Lambing Season

Lambing most commonly takes place during the Spring, peaking in March/April, although the lambing season does run from February to April and there are some farms that lamb in December and January. During the lambing period, pregnant ewes are monitored very closely day and night, so this can be one of the busiest times of the year for many farmers.

Ewe health before lambing is incredibly important – a ewe that has not had sufficient nutrients during the last few weeks of pregnancy will not produce adequate colostrum to support her lambs.


What is Colostrum and Why is it so Important?

Colostrum, or first milk as it is more commonly referred to, it is the milk that is produced by the ewe for her lambs’ first feed. It has a thicker, almost sticky consistency in comparison to other milk and generally appears a more yellowish colour. Colostrum contains important antibodies (immunoglobulins (IgG)) from the mother that will ‘protect’ the new born lamb against disease, giving it passive immunity which gradually decreases after about 3 weeks of age. Colostrum is also a rich energy and nutrient source and a source of warmth for the lamb (which can help prevent hypothermia) in its first few hours of life.

A lamb being born.

The concentration of immunoglobulins within the colostrum begins to rapidly decrease after the ewe has given birth and is fully depleted around 23 hours after birth of the lamb. The lamb also loses the ability to absorb the immunoglobulins 4/6 hours after being born, so it is vital that the lambs begin to suckle or receive colostrum as soon as possible after birth to give them the best chance of a strong and healthy start to life. It is important to note that lambs are born with no antibodies of their own, which makes them vulnerable to disease, hence why intake of colostrum early on is so important.
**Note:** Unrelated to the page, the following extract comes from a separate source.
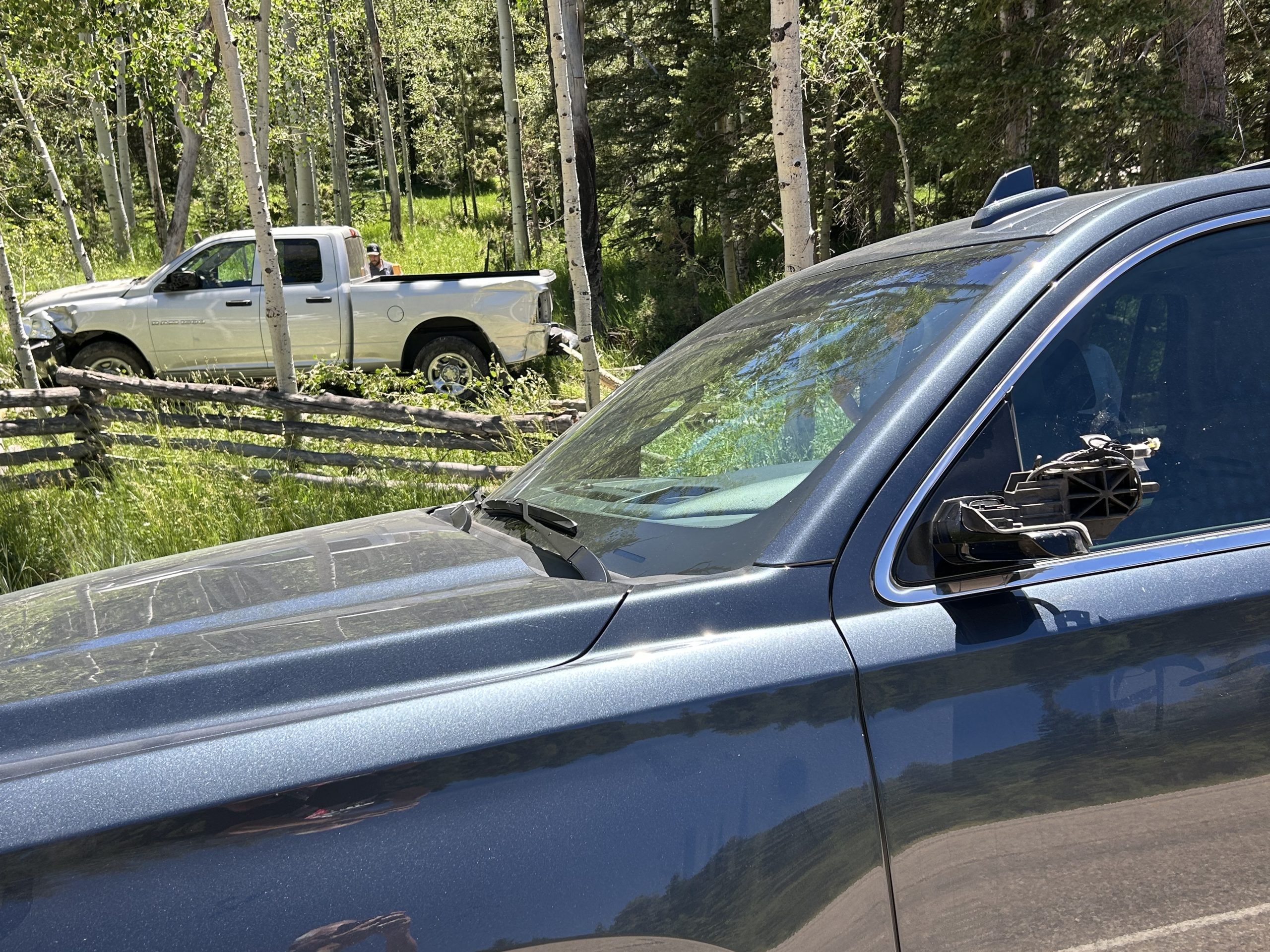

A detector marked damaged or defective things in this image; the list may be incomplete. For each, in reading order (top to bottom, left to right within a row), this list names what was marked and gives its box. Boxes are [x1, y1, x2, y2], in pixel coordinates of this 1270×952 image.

Some ewes, for varying different reasons, may not have enough colostrum to support the lambs she has had or her colostrum may be poor quality. In this event, alternative or ‘synthetic/artificial’ colostrum should be used as soon as possible.  A lamb that has received no colostrum of any sort has little chance of surviving without illness.

Storage & Sources

Three lambs in pasture.

Colostrum from another ewe on farm would be ideal as the ewe will have similar IgG for farm specific pathogens.  Ewe colostrum can be stored from ewes that have lost a lamb or have only had a single birth. It can be stored in the fridge for up to 6 weeks or frozen for several months. If using frozen colostrum, care needs to be taken when defrosting as temperatures in excess of 40˚C will destroy the antibodies.

Farms that also have dairy cattle will often pool cow colostrum for lambs, on the principle that cows from the same farm would also have similar IgG for farm specific pathogens. Obtaining guidance from a vet is advised in this case. Synthetic/artificial or substitute colostrum is widely available on the market and comes in several different forms, although nothing is as good as the colostrum produced by the mother, any form will give the lamb a fighting chance for survival.